# World’s first bicycle ride took place 200 years ago



## ahmadali01 (Oct 3, 2020)

A German dandyhorse bicycle dating from 1817. Image: 200jahre-fahrrad.de


----------



## whitecoyote (Sep 12, 2014)

Very interesting.


----------



## Wheelspeed (Jan 12, 2006)

Wow! Didn't know bicycles were 200 years old, even though it's a balance-bike.

I wonder if he invented it as a thing to support your weight while walking/running, but then later discovered that you can ride it by balancing? Because I mean, before the first bicycle, who would ever think that you could actually ride a contraption like a bicycle?


----------



## acer66 (Oct 13, 2010)

Whats with these first post accounts?


----------



## Wabatuckian (9 mo ago)

acer66 said:


> Whats with these first post accounts?


Well, that one is obviously spam, designed to get curious people clicking his signature link. Dunno how the mods missed it two years ago.


----------



## chazpat (Sep 23, 2006)

Wabatuckian said:


> Well, that one is obviously spam, designed to get curious people clicking his signature link. Dunno how the mods missed it two years ago.

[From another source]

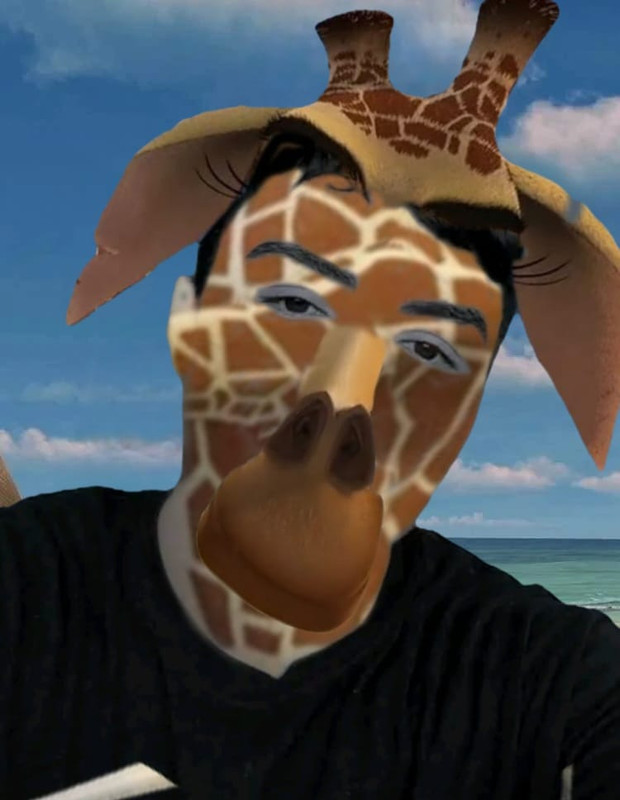 Descripción de la imagen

There was an obvious spam post that dug up this thread just above acer's post but a mod deleted it and banned the poster.


----------



## chazpat (Sep 23, 2006)

So I guess tubeless was actually invented 200 years ago!


----------



## Wabatuckian (9 mo ago)

chazpat said:


> So I guess tubeless was actually invented 200 years ago!


My first bike was tubeless and bumpy as hell.


----------